Séneca, el filósofo romano, ya lo había anticipado: «nunca hay buen viento para quien no sabe a dónde va». Las disputas respecto a los aranceles, tratados de libre comercio y futuro de la economía ponen en evidencia la flagrante confusión que nos caracteriza. Las posturas tanto del gobierno como del sector privado son tan absolutas y ensañadas que parecería que el mundo va de por medio.

El conflicto parece estar a flor de piel: el tema específico es lo de menos; lo relevante es la confrontación. Por un lado, el gobierno insiste en la necesidad de reducir aranceles, desregular y crear un entorno más competitivo para la actividad económica. Por el otro, el sector privado salta a la primera oportunidad, pero con un solo monosílabo: NO. La verdad sea dicha, ambos tienen razón: como ninguno, incluyendo a todo el resto de los mexicanos, tiene idea de a dónde vamos, cualquier camino nos llevará ahí. En consecuencia, mejor armar borlote que tratar de encontrar un espacio de entendimiento.

En el barullo se ha perdido la perspectiva: la función del gobierno, la lógica de los empresarios y el sentido del desarrollo económico. Para comenzar, la obligación y responsabilidad del gobierno es crear condiciones para que la economía se pueda desarrollar. Entre éstas se encuentra la conformación de un entorno de competencia que permita elevar la productividad general de la economía, obligue a los empresarios a ser más eficientes y propicie la formación de nuevas empresas. En un mundo ideal, las reglas del juego tienen que facilitar el nacimiento de empresas cuando un emprendedor genera una idea susceptible de ganar terreno en el mercado,  y a la vez permitir la transformación o muerte de las que son incapaces de satisfacer la demanda de los consumidores.

Este es el quid del asunto. En el corazón de la disputa entre gobierno y empresarios yace una indefinición fundamental: quién debe ser el beneficiario del desarrollo, el empresario o el ciudadano y consumidor. En los ochenta el país pareció dar ese paso fundamental al liberalizar las importaciones, disminuir los subsidios a la actividad industrial y, aparentemente, privilegiar al consumidor. El objetivo no era acabar con la planta productiva como claman empresarios y críticos, sino darle viabilidad de largo plazo a la economía del país al incrementar las escalas de producción, y crear una economía más especializada y más capaz de satisfacer al consumidor. Es decir, el giro que se trató de dar fue el de obligar a la planta productiva a servir al consumidor en lugar de que éste dependiera de la buena voluntad del productor.

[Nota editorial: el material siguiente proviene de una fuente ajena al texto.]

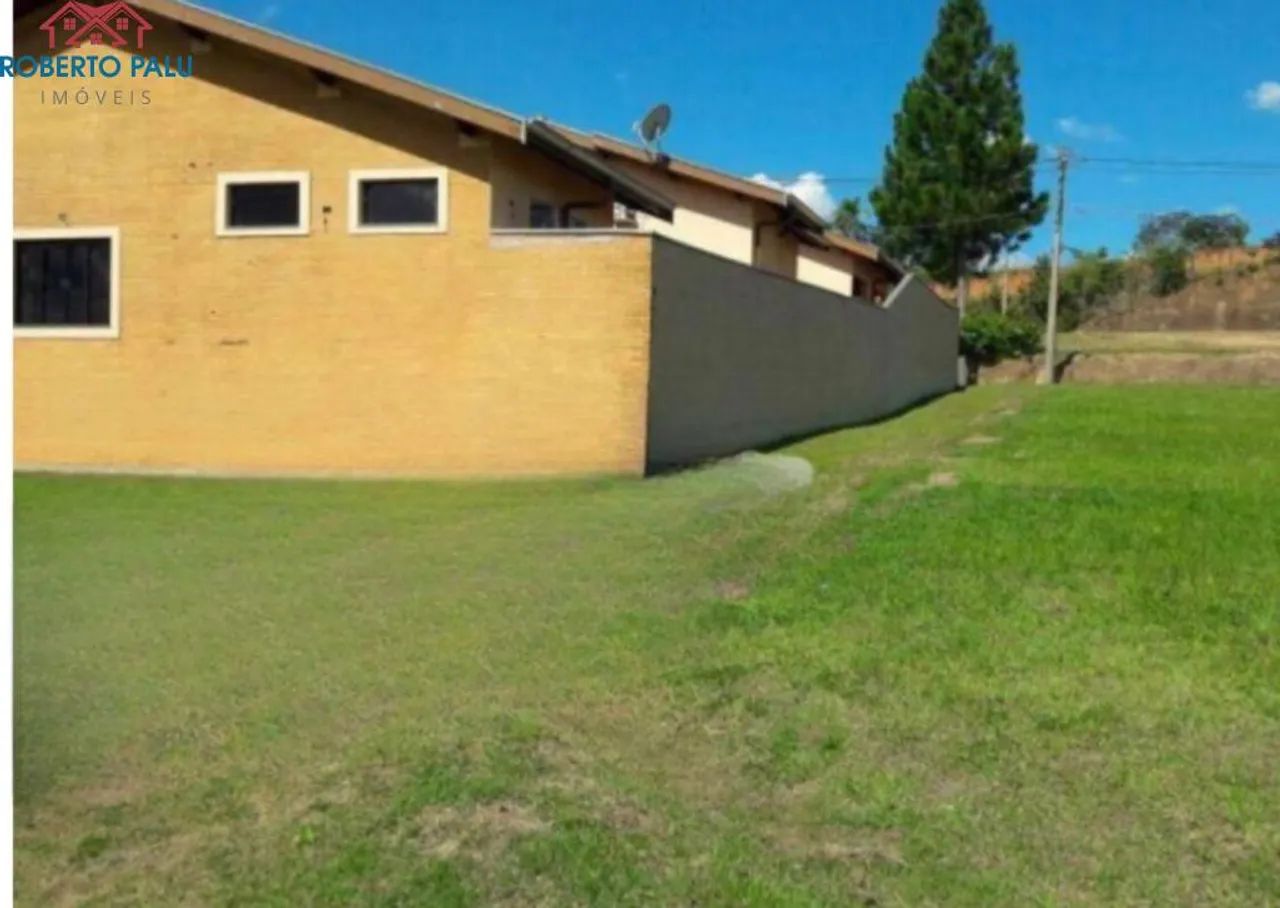 Casa térrea a 1,5km de Aguas de Sao Pedro Ref.:CA00001 - Foto 4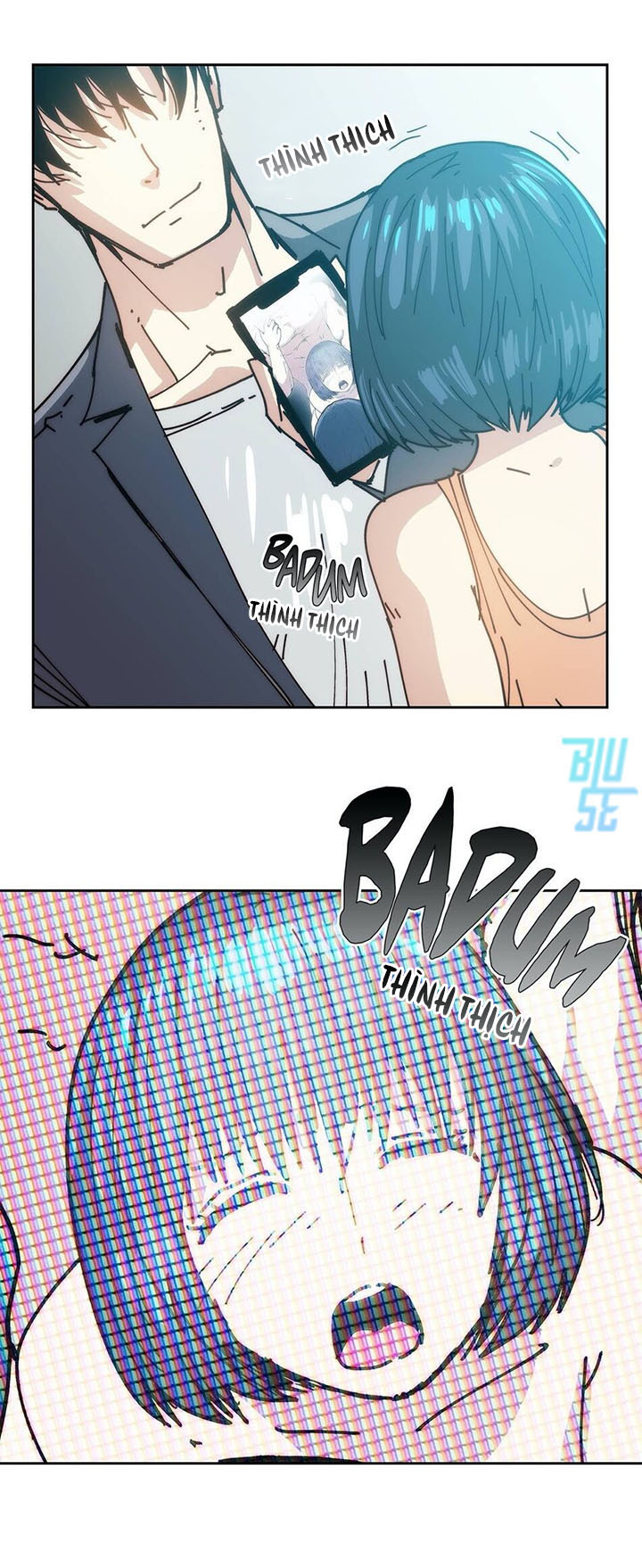 dục vọng chết người chapter 19 16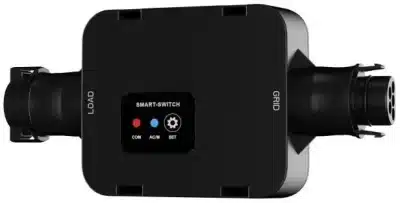 Deye Smart LoRa spínač pro velkou zátěž 25A
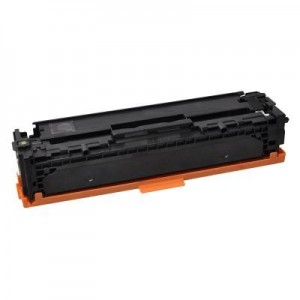 V7 toner: Toner for selected Canon printers - Replacement for OEM cartridge part number 6272B002 - Zwart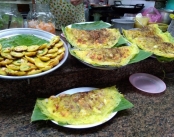 Quán Bánh Xèo Chợ Bà Chiểu - Quán Bánh Xèo, Bánh Khọt Ngon Quận Bình Thạnh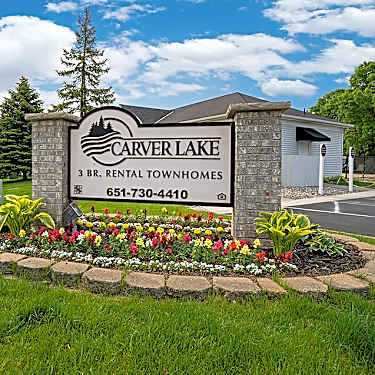 Carver Lake Townhomes 6201 Tahoe Road Woodbury Mn Townhome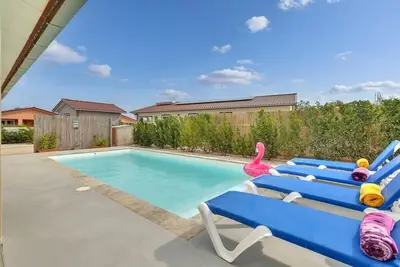 Image de Villa Kas Gia with garden and lovely private pool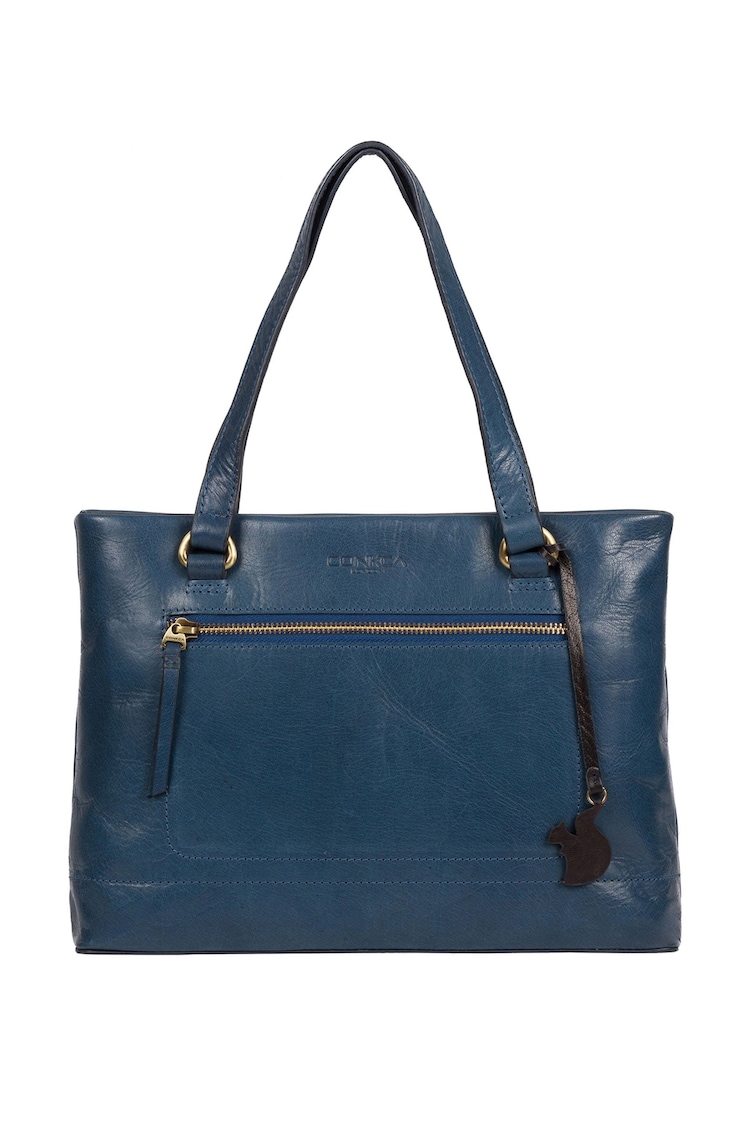 Conkca Alice Leather Handbag - Image 1 of 1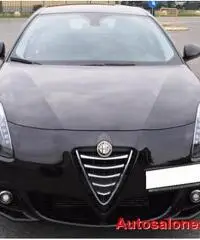 ALFA ROMEO Giulietta 1.6 JTDm-2 105 CV Distinctive EURO 5 DPF ALFA ROMEO Giulietta 1.6 JTDm-2 105 CV Distinctive EURO 5 DPF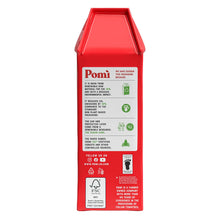 Pomì Tomato Passata, 26.46 oz Carton – Creamy & Velvety Italian Tomato Purée with a Touch of Salt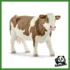 FARM - MUCCA PEZZATA ROSSA
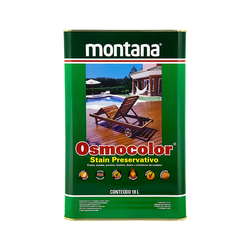 OSMOCOLOR UV GLASS INCOLOR 18L - CORBELLA TINTAS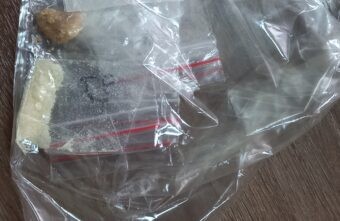 В Твери перед судом предстанет наркоман, задержанный на железной дороге В Твери перед судом предстанет наркоман, задержанный на железной дороге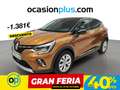 Renault Captur TCe Zen 67kW Naranja - thumbnail 1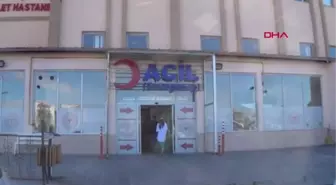 ARDAHAN'DA İSHAL VE KUSMA ŞİKAYETİYLE 25 ÖĞRENCİ HASTANEYE KALDIRILDI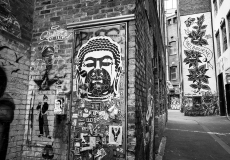 Melbourne Mono 2019 #159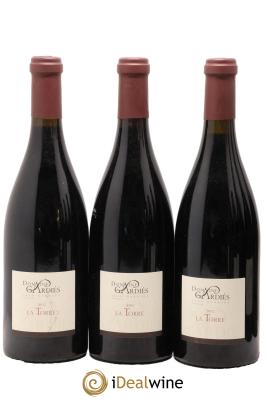 Côtes du Roussillon Gardiés (Domaine) La Torre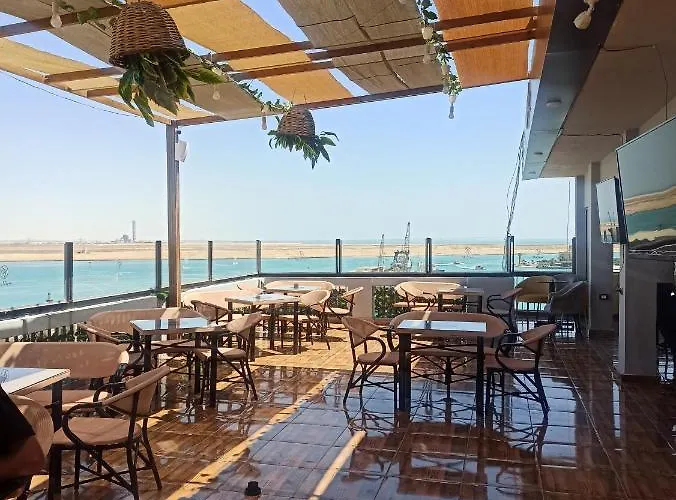 Red Sea - ريد سى 3* Szuez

Detrás de la lógica gubernamental de entonces se encontraba la vieja discusión respecto a la función del mercado en el desarrollo económico. El objetivo del libre comercio es que las economías se especialicen, es decir, que en lugar de fabricar todos los bienes que demanda la sociedad dentro de un país, cada nación se especialice en lo que es mejor. Cuando un país ha vivido bajo el yugo de la protección de los productores, es natural que una apertura a las importaciones provoque diversas dislocaciones; sin embargo, el objetivo de la apertura no es causar dislocación sino provocar la transformación del sector productivo a fin de que se consoliden empresas más eficientes, se generen mejores empleos bien remunerados y que, en el conjunto, todos acabemos ganando.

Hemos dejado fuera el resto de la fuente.